As part of getting people acquainted and used to the extended Left Archive we’re going to link every week to previous documents that have been posted there that may be of interest. Given the discussion that kicked off on foot of last week’s BICO piece here’s another in a not dissimilar vein and with a BICO input…

This week, Socialists Against Nationalism, from 1979, a lash-up between the Limerick Socialist Organisation, BICO and the 1970s Socialist Party of Ireland.

1497-cover

All the greats – eh? A short document this week only four pages long. Socialists Against Nationalism, a ‘campaign’ group established in the late 1970s/early 1980s by the Socialist Party of Ireland (not, I hasten to add the current SP), the British and Irish Communist Organisation, the Limerick Socialist Organisation and ‘individual socialists’. As far as can be determined this was the precursor of the Democratic Socialist Party, led by Jim Kemmy, which later merged with the Labour Party.
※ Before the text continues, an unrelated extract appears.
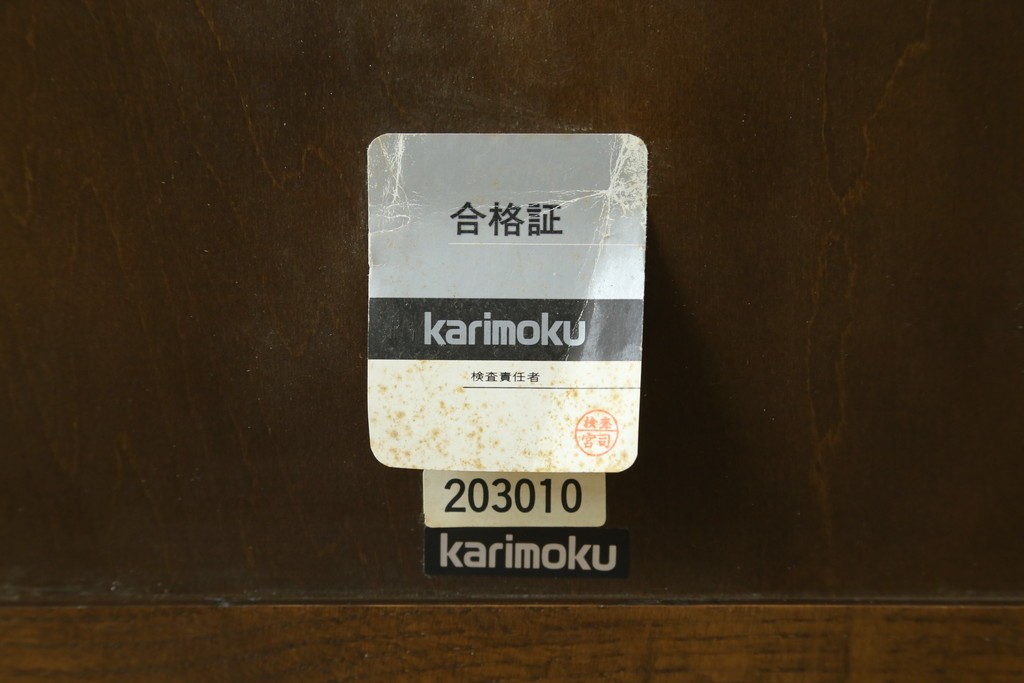 中古　美品　カリモク家具(karimoku)　お部屋に馴染みやすいシンプルな木製フレームのウォールミラー　(R-084662)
As a campaign how long it lasted and how successful it was is unclear. Although as regards the latter point it is worth reflecting on how many a left (or later liberal or right-wing) Irish political career clearly drew a degree of inspiration from the sort of analysis put forward here, that the only way to working class unity was by eschewing the ‘call for a 32 county Socialist Republic [which] is nothing more than the old nationalism newly dressed in a socialist guise’. Actually that in itself is a remarkable statement from an avowedly left-wing body given the longevity of the socialist Republican approach in Irish politics during the 20th century.

But then again, considering issues of success or failure, some the central ‘demands’ in the leaflet have been fulfilled – look at the list on page 3- although their avowed aim of extirpating ‘nationalism’ has not. But then consider again the image on page 1 which makes a clear visual linkage between the most extreme form of ‘nationalism’ and Irish nationalism. Hard in that context to take entirely seriously their idea that they wanted to ‘organise public debates with socialists and others who still hold the traditional nationalist viewpoint’, or indeed that ‘traditional nationalism’ equated with what appears to be a pogrom. And consider again the viewpoints expressed in the recent past on various historical issues which chime with that sort of viewpoint.

I can find reference to them in Seanad debate here (John A. Murphy giving an interesting analysis) and here.

Any further information on this campaign would be of considerable interest, as would any material from the DSP.

Appropriate behaviour? January 31, 2014

Posted by WorldbyStorm in Uncategorized.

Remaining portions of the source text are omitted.